Cymbalta has not been systematically evaluated in patients with a recent history of myocardial infarction or unstable coronary artery disease. Patients with these diagnoses were generally excluded from clinical studies during the product's premarketing testing.
Clinical Worsening and Suicide Risk
Patients, their families, and their caregivers should be encouraged to be alert to the emergence of anxiety, agitation, panic attacks, insomnia, irritability, hostility, aggressiveness, impulsivity, akathisia (psychomotor restlessness), hypomania, mania, other unusual changes in behavior, worsening of depression, and suicidal ideation, especially early during antidepressant treatment and when the dose is adjusted up or down. Families and caregivers of patients should be advised to observe for the emergence of such symptoms on a day-to-day basis, since changes may be abrupt. Such symptoms should be reported to the patient's prescriber or health professional, especially if they are severe, abrupt in onset, or were not part of the patient's presenting symptoms. Symptoms such as these may be associated with an increased risk for suicidal thinking and behavior and indicate a need for very close monitoring and possibly changes in the medication.
Signs and Symptoms
In postmarketing experience, fatal outcomes have been reported for acute overdoses, primarily with mixed overdoses, but also with duloxetine only, at doses as low as 1000 mg. Signs and symptoms of overdose (duloxetine alone or with mixed drugs) included somnolence, coma, serotonin syndrome, seizures, syncope, tachycardia, hypotension, hypertension, and vomiting.
Thanks for posting the warnings for Cymbalta. We really have no idea why the psychiatrist put Kalina on this new antidepressant, especially when we were observing Kalina improving in mood, thinking, and planning as of last Tuesday. We asked serveral of these questions at the meeting with the social worker yesterday, but of course the psychiatrist was NOT at the meeting, so we got no answers. Below is an expanded update.
Well, we got through the appointment. The social worker was fairly sympathetic with both thyroid issues as well as depression, since he shared that he has had his thyroid removed to help deal with his depression.
We learned a couple of things. Kalina DOES need further treatment for both her depression as well as a bulimia eating disorder. She has been telling us about the eating disorder (which has been active since about March), but for weird insurance reasons the current psych. hospital was unable to treat her for it there. We are fine with her getting further treatment. The other thing we learned is that Kalina's psychiatrist/family medicine doc has only paid lip service to follup up with Kalina's thyroid specialty doc. There are NO transered lab reports/records from the thyroid doc in Kalina's file, there is NO record that the current hospital has done any thyroid tests, and I heard through the grapevine that Kalina's psychiatrist made the comment, "I never heard of anyone who died from low magnesium." He may have called Kalina's thyroid doc, but I think he discounts this doctor because she is a D.O. rather than an M.D. D.O.s have just as much or more training than M.D.s, but I guess there are mainstream physicians that don't take them seriously.

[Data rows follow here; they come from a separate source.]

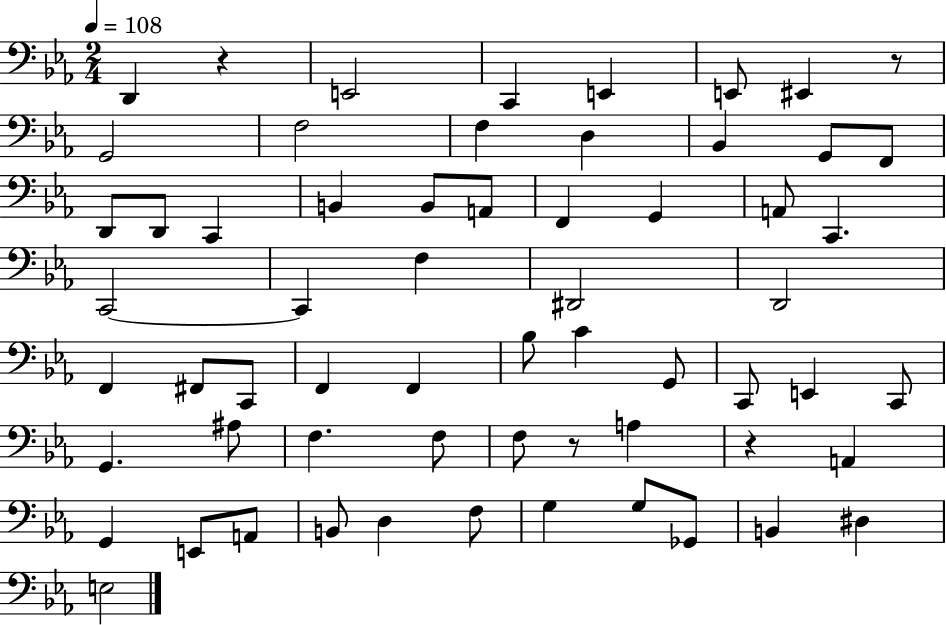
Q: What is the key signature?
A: EES major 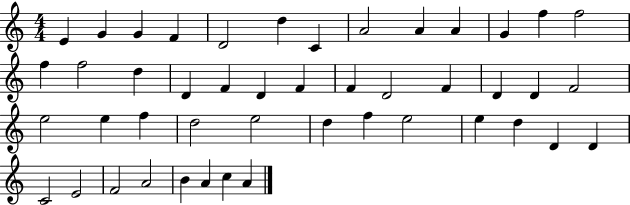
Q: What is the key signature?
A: C major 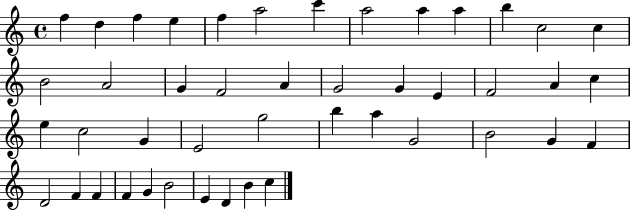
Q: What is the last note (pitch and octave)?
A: C5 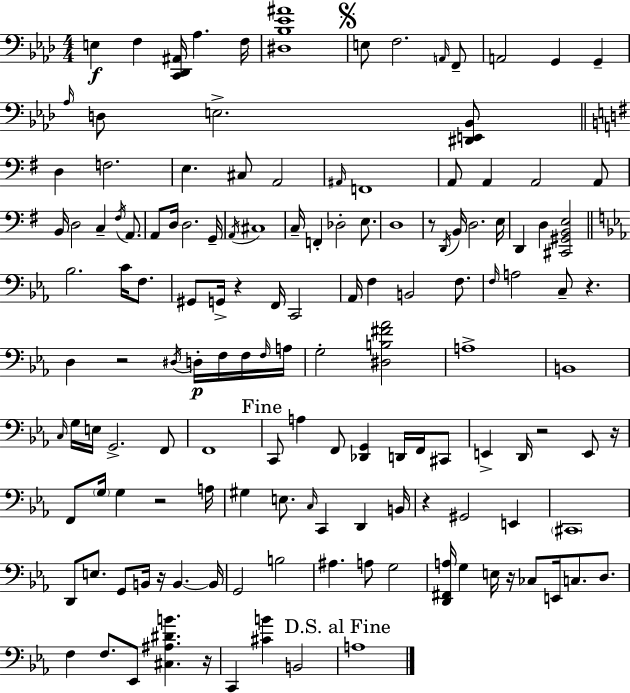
{
  \clef bass
  \numericTimeSignature
  \time 4/4
  \key f \minor
  e4\f f4 <c, des, ais,>16 aes4. f16 | <dis bes ees' ais'>1 | \mark \markup { \musicglyph "scripts.segno" } e8 f2. \grace { a,16 } f,8-- | a,2 g,4 g,4-- | \break \grace { aes16 } d8 e2.-> | <dis, e, bes,>8 \bar "||" \break \key e \minor d4 f2. | e4. cis8 a,2 | \grace { ais,16 } f,1 | a,8 a,4 a,2 a,8 | \break b,16 d2 c4-- \acciaccatura { fis16 } a,8. | a,8 d16 d2. | g,16-- \acciaccatura { a,16 } cis1 | c16-- f,4-. des2-. | \break e8. d1 | r8 \acciaccatura { d,16 } b,16 d2. | e16 d,4 d4 <cis, gis, b, e>2 | \bar "||" \break \key c \minor bes2. c'16 f8. | gis,8 g,16-> r4 f,16 c,2 | aes,16 f4 b,2 f8. | \grace { f16 } a2 c8-- r4. | \break d4 r2 \acciaccatura { dis16 } d16-.\p f16 | f16 \grace { f16 } a16 g2-. <dis b fis' aes'>2 | a1-> | b,1 | \break \grace { c16 } g16 e16 g,2.-> | f,8 f,1 | \mark "Fine" c,8 a4 f,8 <des, g,>4 | d,16 f,16 cis,8 e,4-> d,16 r2 | \break e,8 r16 f,8 \parenthesize g16 g4 r2 | a16 gis4 e8. \grace { c16 } c,4 | d,4 b,16 r4 gis,2 | e,4 \parenthesize cis,1 | \break d,8 e8. g,8 b,16 r16 b,4.~~ | b,16 g,2 b2 | ais4. a8 g2 | <d, fis, a>16 g4 e16 r16 ces8 e,16 c8. | \break d8. f4 f8. ees,8 <cis ais dis' b'>4. | r16 c,4 <cis' b'>4 b,2 | \mark "D.S. al Fine" a1 | \bar "|."
} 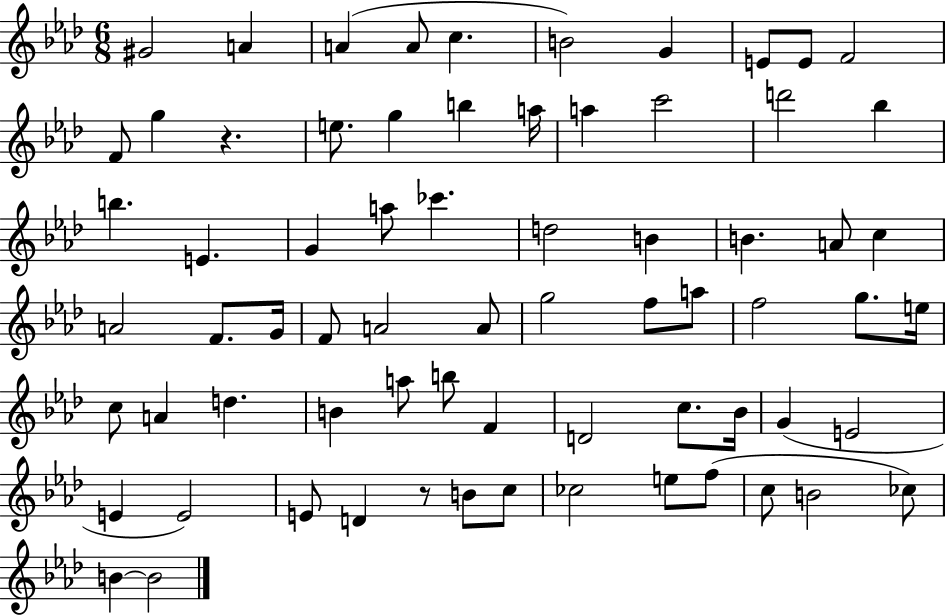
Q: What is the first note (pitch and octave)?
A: G#4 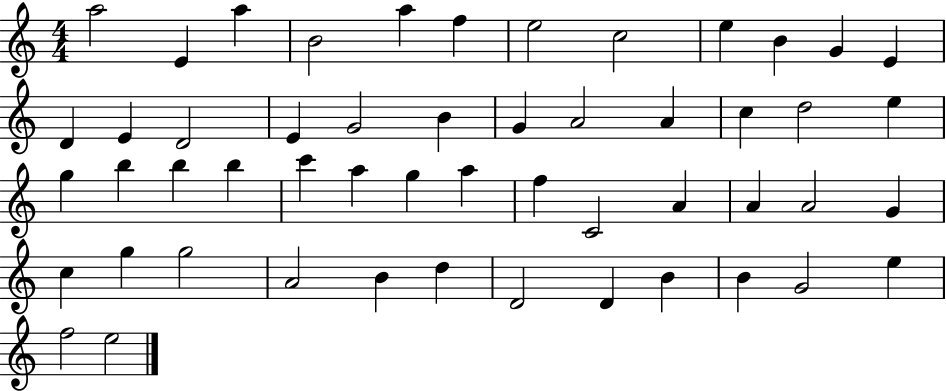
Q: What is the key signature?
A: C major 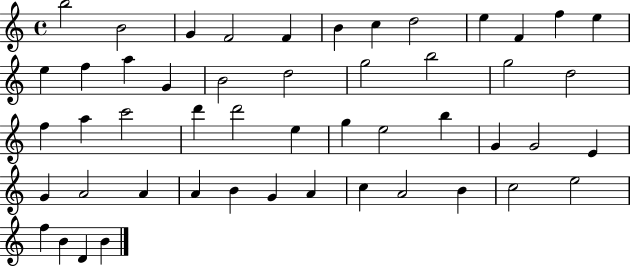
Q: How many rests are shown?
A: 0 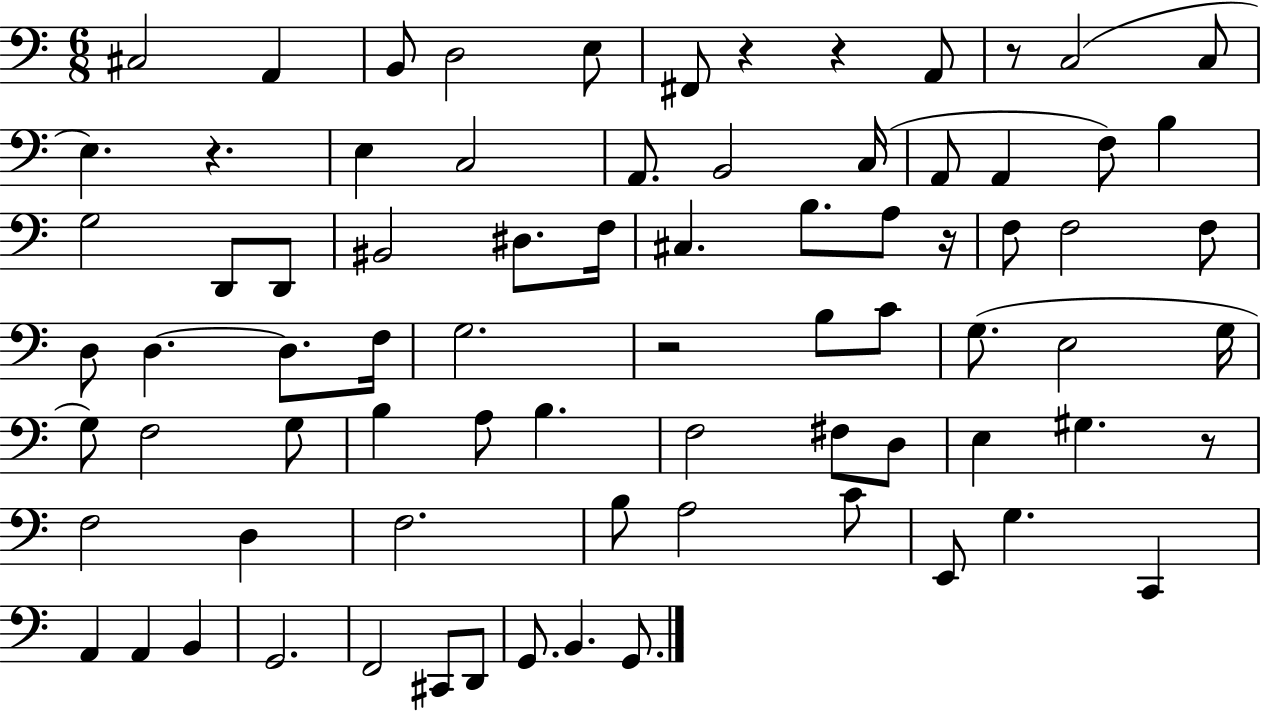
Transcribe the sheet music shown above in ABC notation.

X:1
T:Untitled
M:6/8
L:1/4
K:C
^C,2 A,, B,,/2 D,2 E,/2 ^F,,/2 z z A,,/2 z/2 C,2 C,/2 E, z E, C,2 A,,/2 B,,2 C,/4 A,,/2 A,, F,/2 B, G,2 D,,/2 D,,/2 ^B,,2 ^D,/2 F,/4 ^C, B,/2 A,/2 z/4 F,/2 F,2 F,/2 D,/2 D, D,/2 F,/4 G,2 z2 B,/2 C/2 G,/2 E,2 G,/4 G,/2 F,2 G,/2 B, A,/2 B, F,2 ^F,/2 D,/2 E, ^G, z/2 F,2 D, F,2 B,/2 A,2 C/2 E,,/2 G, C,, A,, A,, B,, G,,2 F,,2 ^C,,/2 D,,/2 G,,/2 B,, G,,/2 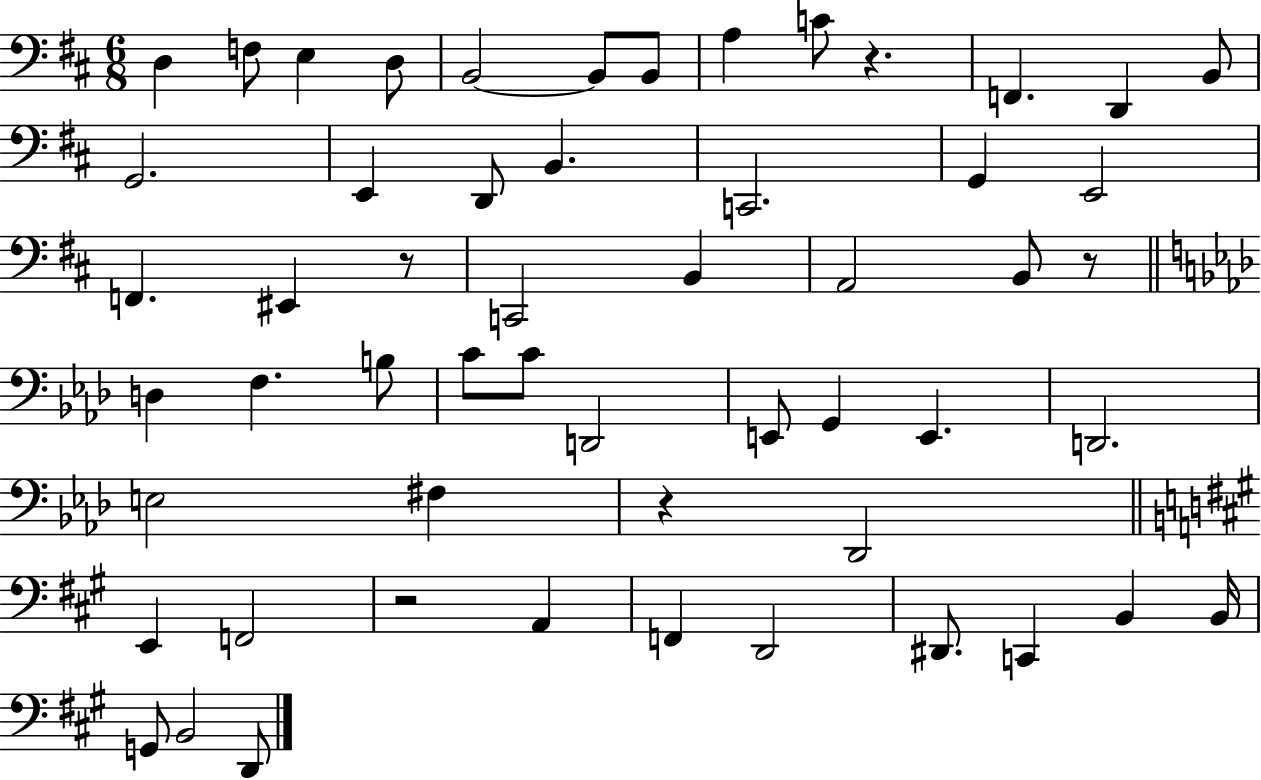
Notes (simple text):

D3/q F3/e E3/q D3/e B2/h B2/e B2/e A3/q C4/e R/q. F2/q. D2/q B2/e G2/h. E2/q D2/e B2/q. C2/h. G2/q E2/h F2/q. EIS2/q R/e C2/h B2/q A2/h B2/e R/e D3/q F3/q. B3/e C4/e C4/e D2/h E2/e G2/q E2/q. D2/h. E3/h F#3/q R/q Db2/h E2/q F2/h R/h A2/q F2/q D2/h D#2/e. C2/q B2/q B2/s G2/e B2/h D2/e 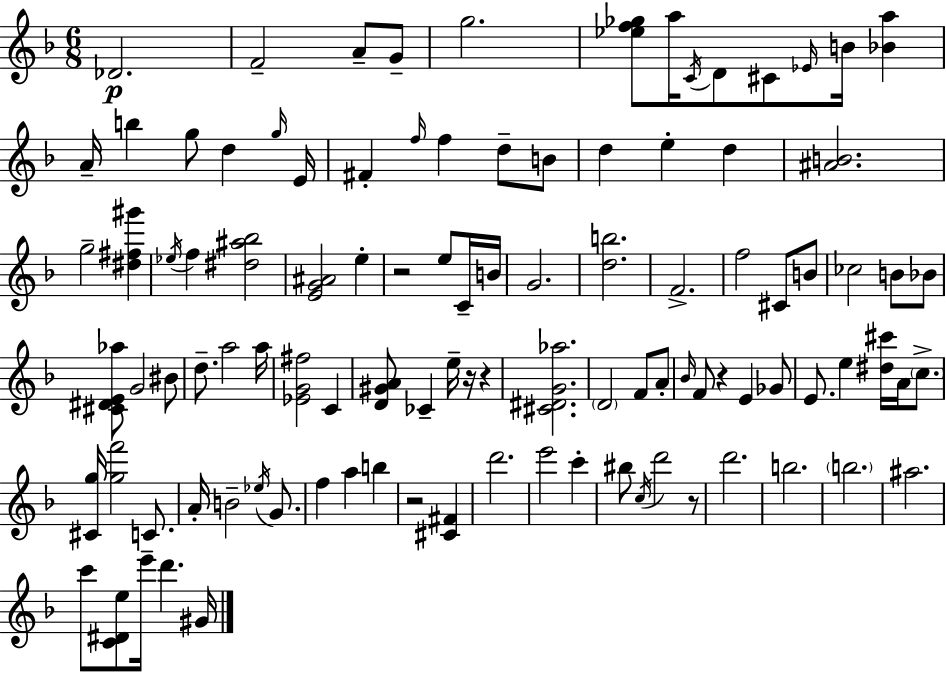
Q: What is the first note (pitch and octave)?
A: Db4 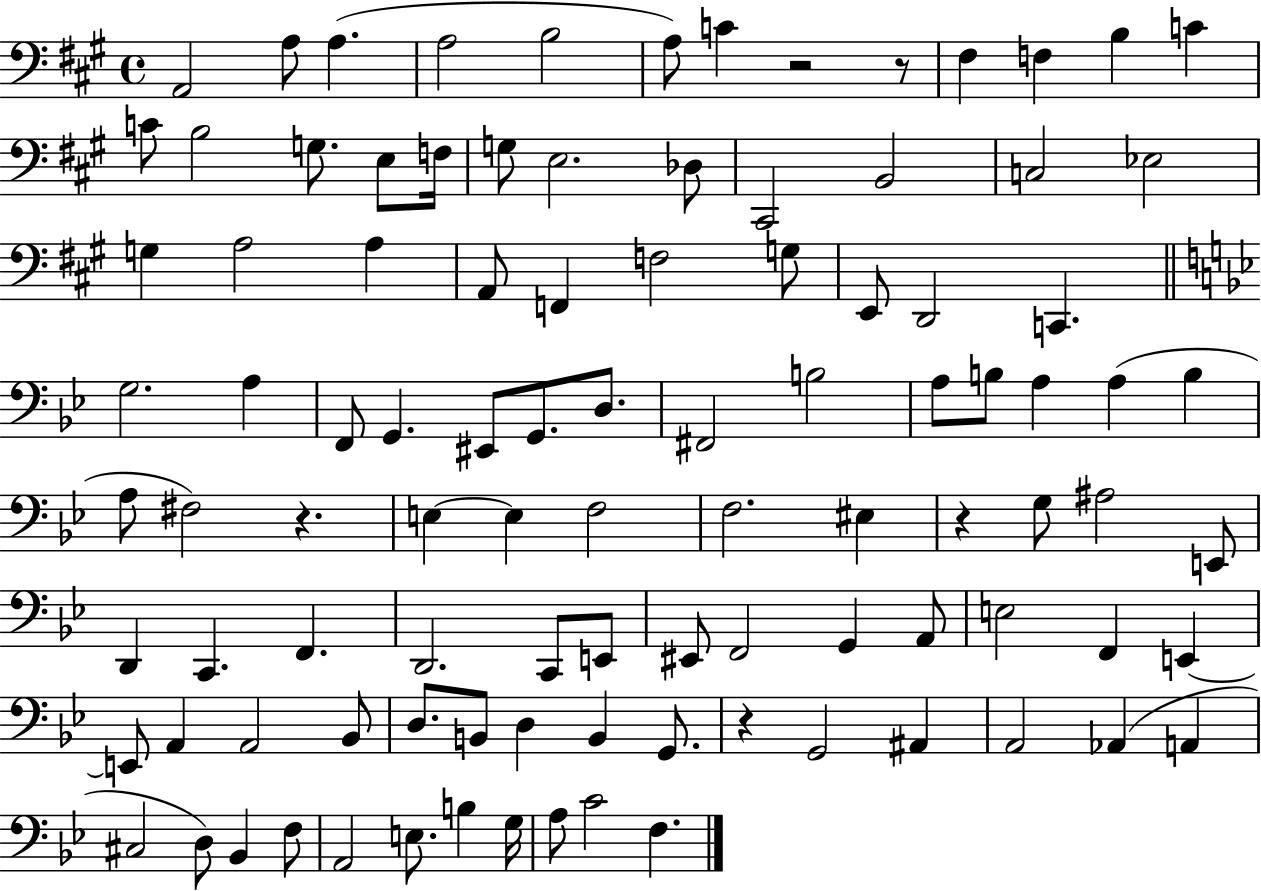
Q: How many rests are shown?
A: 5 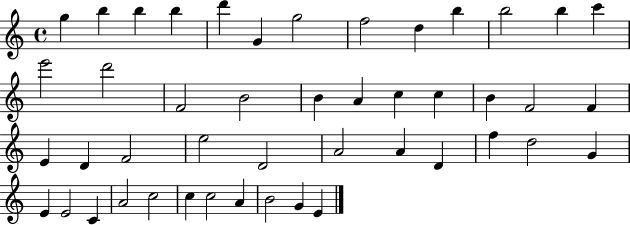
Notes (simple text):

G5/q B5/q B5/q B5/q D6/q G4/q G5/h F5/h D5/q B5/q B5/h B5/q C6/q E6/h D6/h F4/h B4/h B4/q A4/q C5/q C5/q B4/q F4/h F4/q E4/q D4/q F4/h E5/h D4/h A4/h A4/q D4/q F5/q D5/h G4/q E4/q E4/h C4/q A4/h C5/h C5/q C5/h A4/q B4/h G4/q E4/q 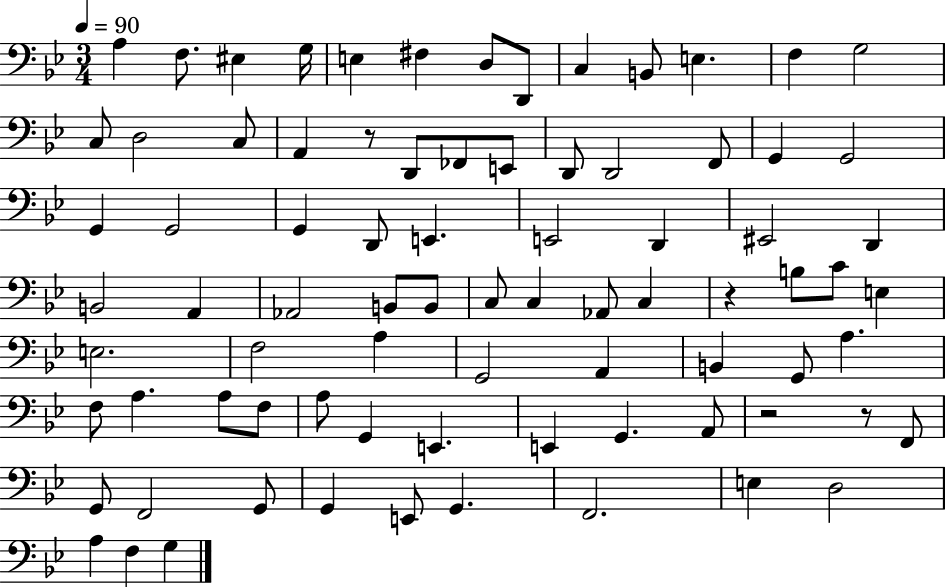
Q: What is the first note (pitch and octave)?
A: A3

Well, Kalina is looking at 2 other hospitals that CAN give her treatment for her eating disorder and depression (although I'm not sure if it will be inpatient, outpatient, or somewhere in between). I asked Kalina what she had found helpful to her during her current stay, and she really couldn't think of anything (although I think she DID learn the value of journaling to help her sort through the thoughts and feelings she is struggling with).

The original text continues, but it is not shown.